> _ABOUT THIS EXERCISE_:
Every record here must be copied exactly, except for the images it holds.

> _LISTED RECORDS_:

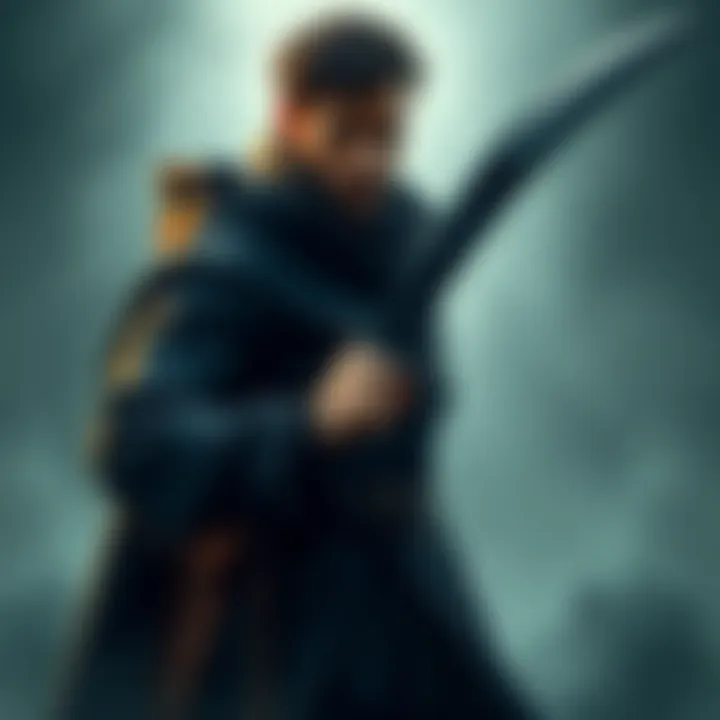 A man stands confidently holding a black sword, showcasing his artistic representation with creative details.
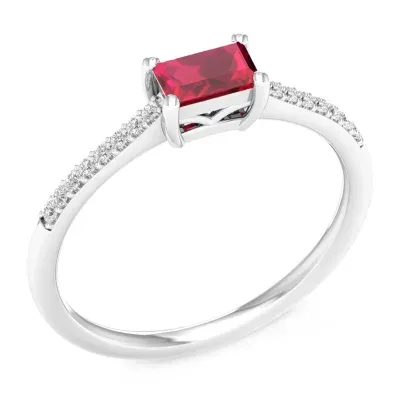 Womens Diamond Accent Lead Glass-Filled Red Ruby 10K Gold Promise Ring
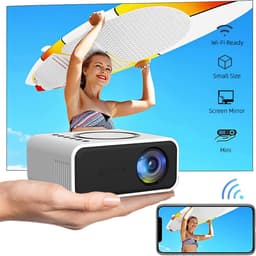 KZQ Mini Projector - Draagbaar Full Hd 1080p Led Projector Met Wifi - Geschikt Voor Telefoon En Computer - Ideaal Voor Thuis Slaapkamer Tuin Binnen Buiten Kamperen En Voetbal Kijken - Wit — thumbnail 2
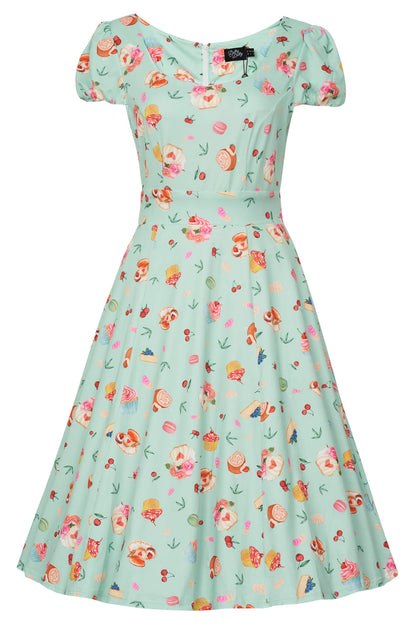 Claudia Sleeved Dress In Pastel Tea Cake Print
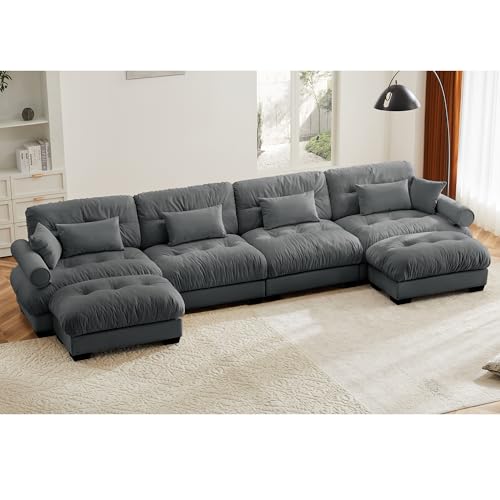 130" Modular Sectional Sofa,Velvet Upholstered Couches for Living Room,3 Seater Green Sofa Couch with Movable Ottoman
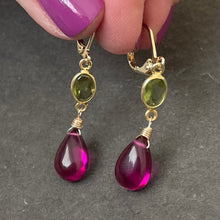 Load image into Gallery viewer, Natural Peridot and Magenta Quartz Dangle Earrings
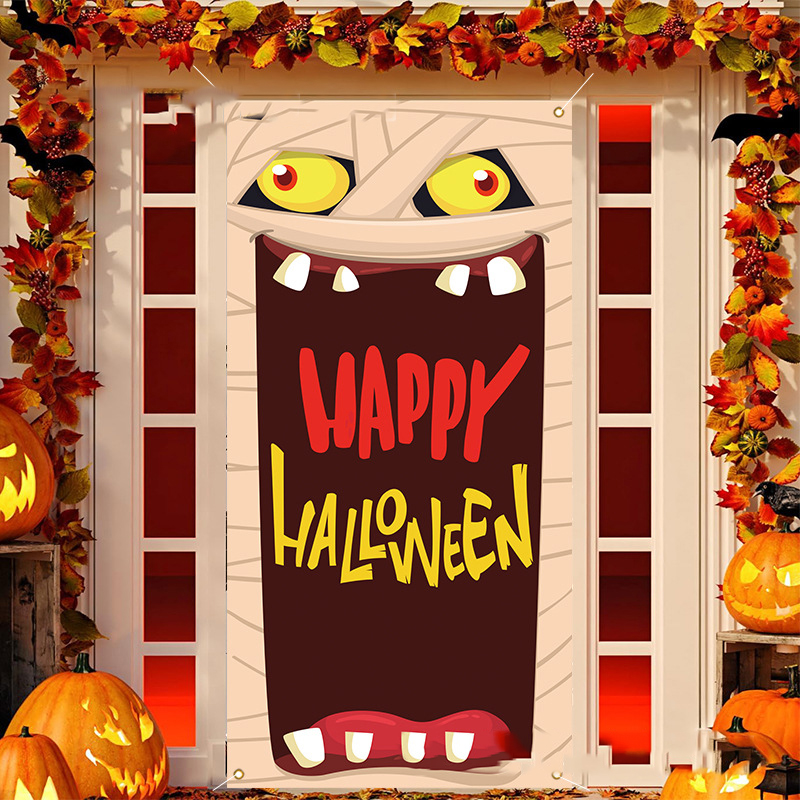 Halloween Door Cover Flag, Bloody Handprint Spooky Haunted House Decorations, Atmosphere Door Curtain, Holiday Banner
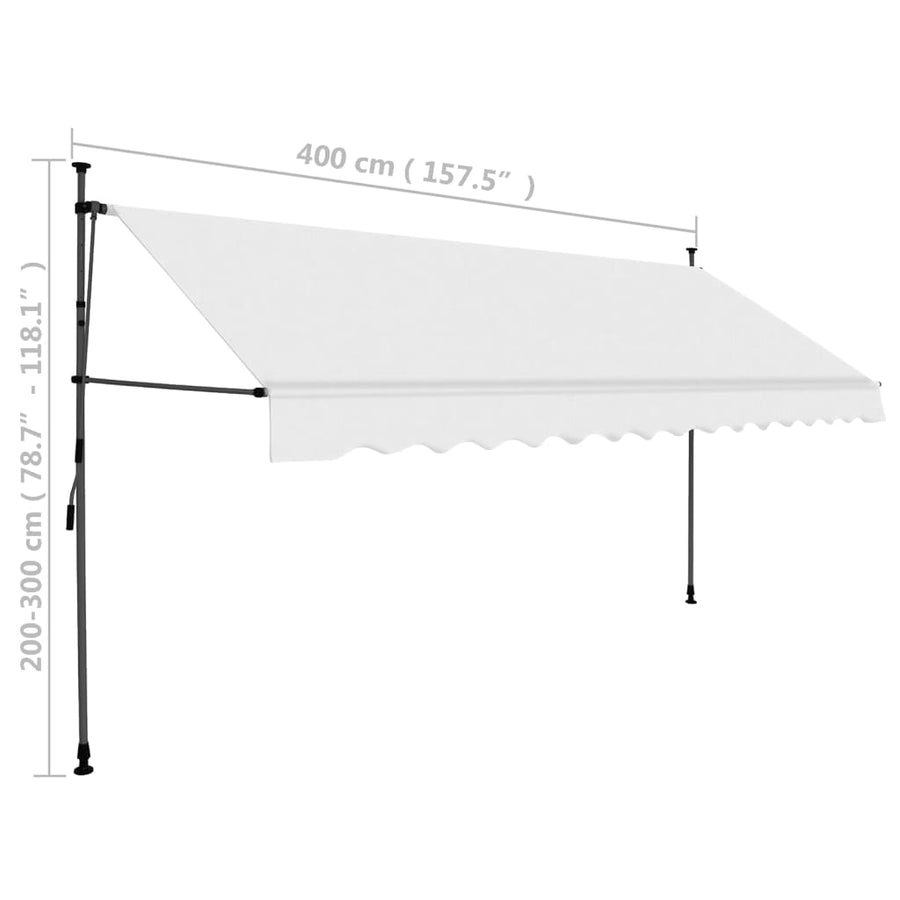Luifel Handmatig Uitschuifbaar Met Led Kleurig 400 cm Crème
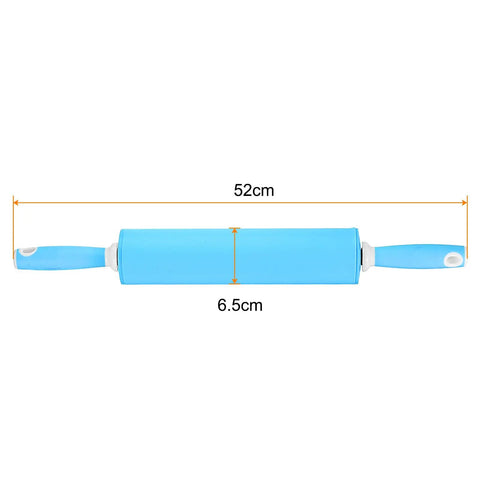 Silicone Rolling Pin For Baking 20.5 Inch Nonstick Kitchen Roller With Rubber Handles Heat Resistant Stain Resistant Easy Clean Up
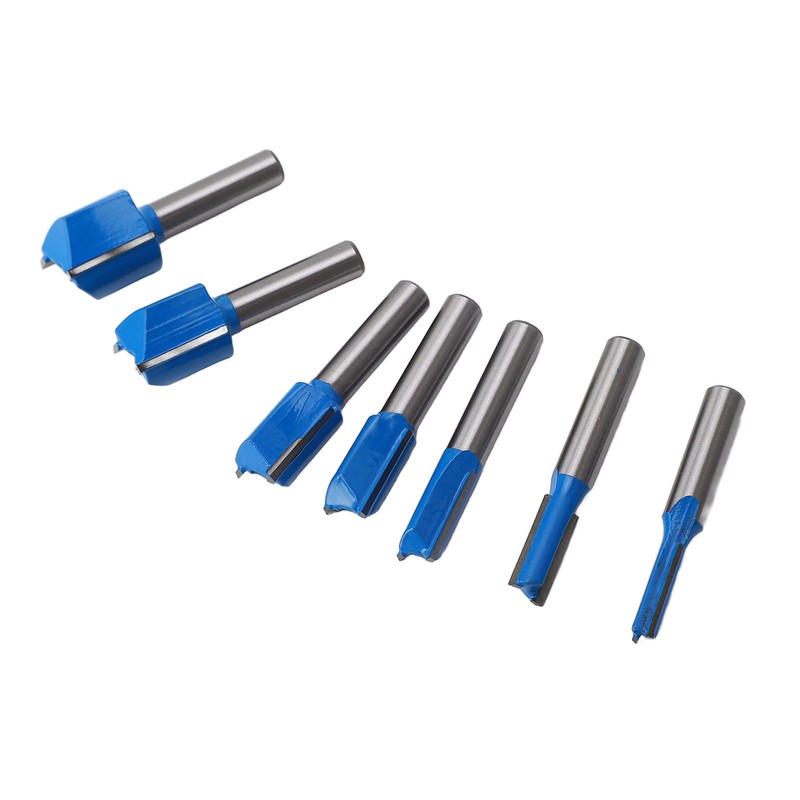 7 Pcs Straight Router Bit 8mm Shank Double Flute Wood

> _OUTPUT OF THE TASK_:
 A man stands confidently holding a black sword, showcasing his artistic representation with creative details.
 Womens Diamond Accent Lead Glass-Filled Red Ruby 10K Gold Promise Ring
 KZQ Mini Projector - Draagbaar Full Hd 1080p Led Projector Met Wifi - Geschikt Voor Telefoon En Computer - Ideaal Voor Thuis Slaapkamer Tuin Binnen Buiten Kamperen En Voetbal Kijken - Wit — thumbnail 2
 Claudia Sleeved Dress In Pastel Tea Cake Print
 130" Modular Sectional Sofa,Velvet Upholstered Couches for Living Room,3 Seater Green Sofa Couch with Movable Ottoman
 Load image into Gallery viewer, Natural Peridot and Magenta Quartz Dangle Earrings
 Halloween Door Cover Flag, Bloody Handprint Spooky Haunted House Decorations, Atmosphere Door Curtain, Holiday Banner
Luifel Handmatig Uitschuifbaar Met Led Kleurig 400 cm Crème
 Silicone Rolling Pin For Baking 20.5 Inch Nonstick Kitchen Roller With Rubber Handles Heat Resistant Stain Resistant Easy Clean Up
 7 Pcs Straight Router Bit 8mm Shank Double Flute Wood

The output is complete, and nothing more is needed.